• [To do]: Pictures stay out of the copy. Retype exactly the lines below from the one with "Modern Style Interior" through the one with "HONGTEYA Leather Baby".

***** Records for this task *****

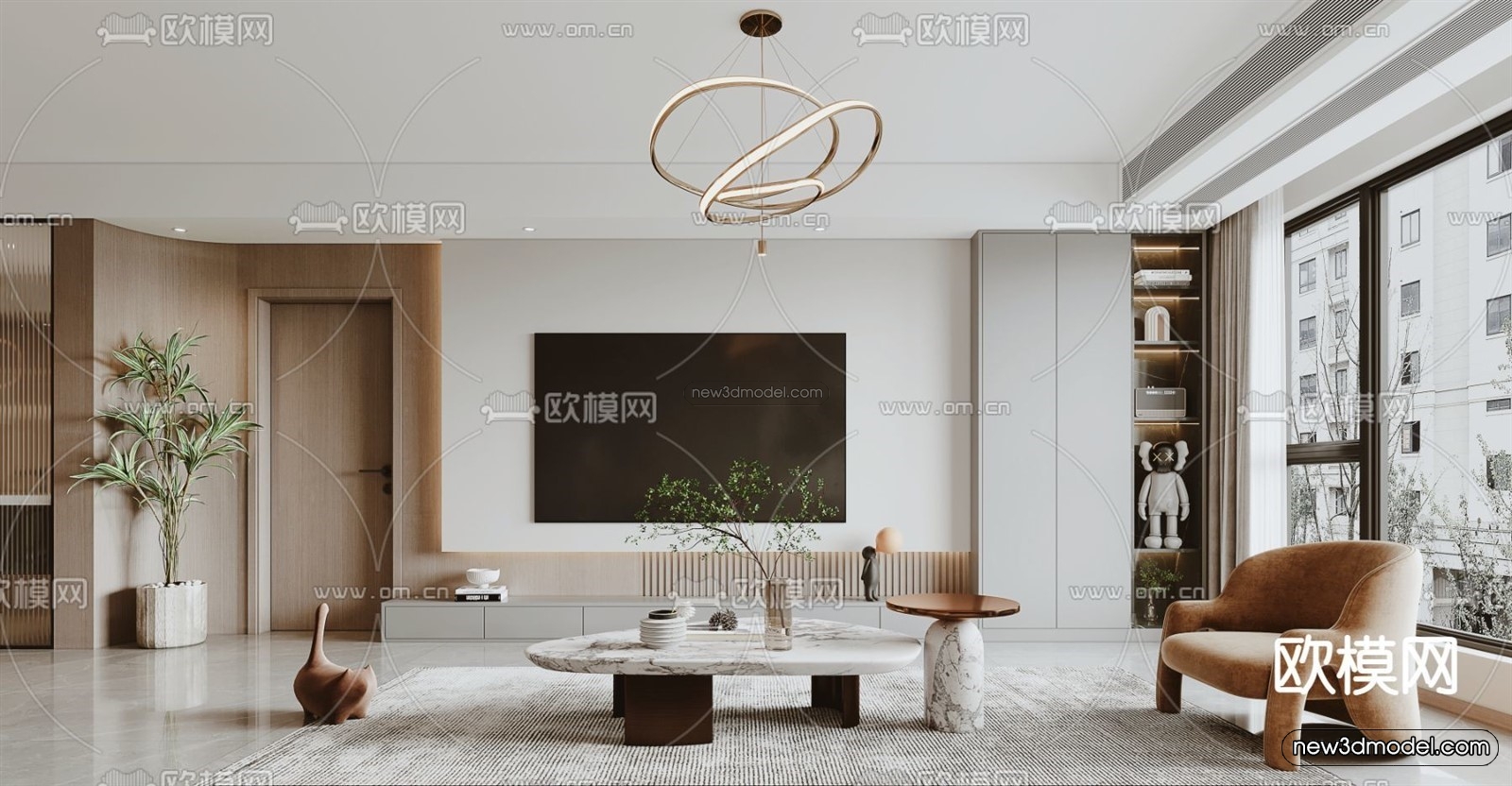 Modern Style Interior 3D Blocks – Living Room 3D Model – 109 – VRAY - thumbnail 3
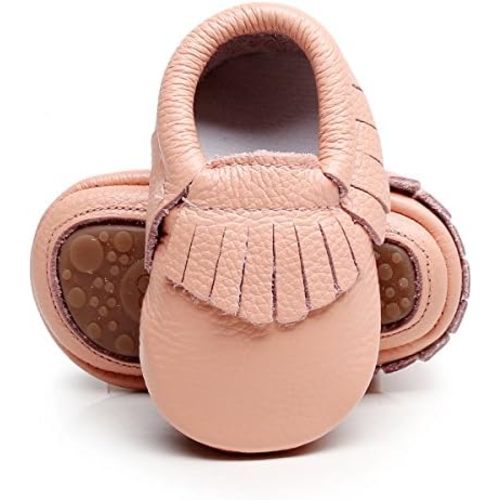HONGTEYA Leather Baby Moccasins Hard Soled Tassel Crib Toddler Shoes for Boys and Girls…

*****
***** Records for this task *****

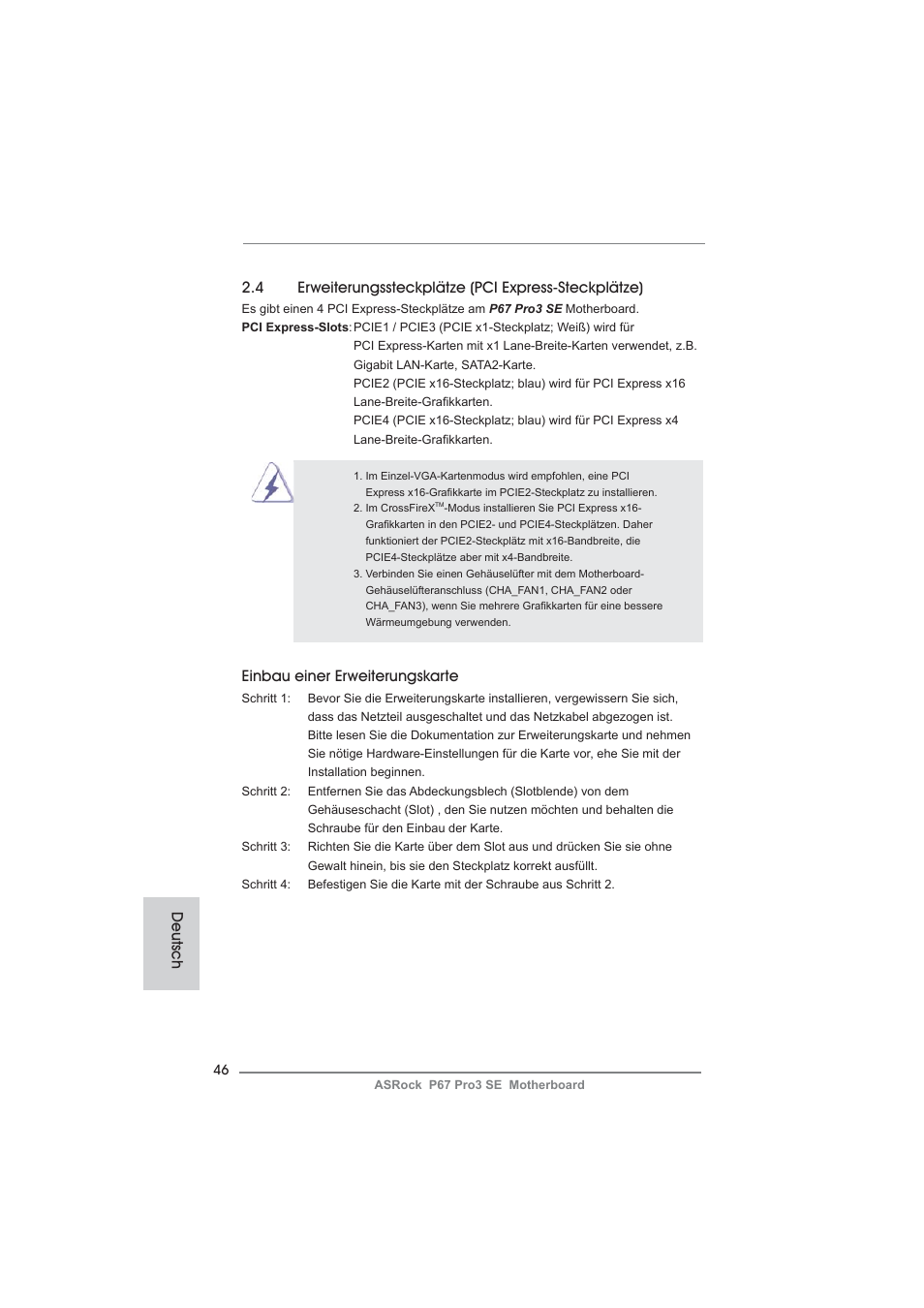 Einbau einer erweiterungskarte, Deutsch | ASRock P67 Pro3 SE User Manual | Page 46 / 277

*****

• [Response to this exercise]:
 Modern Style Interior 3D Blocks – Living Room 3D Model – 109 – VRAY - thumbnail 3
HONGTEYA Leather Baby Moccasins Hard Soled Tassel Crib Toddler Shoes for Boys and Girls…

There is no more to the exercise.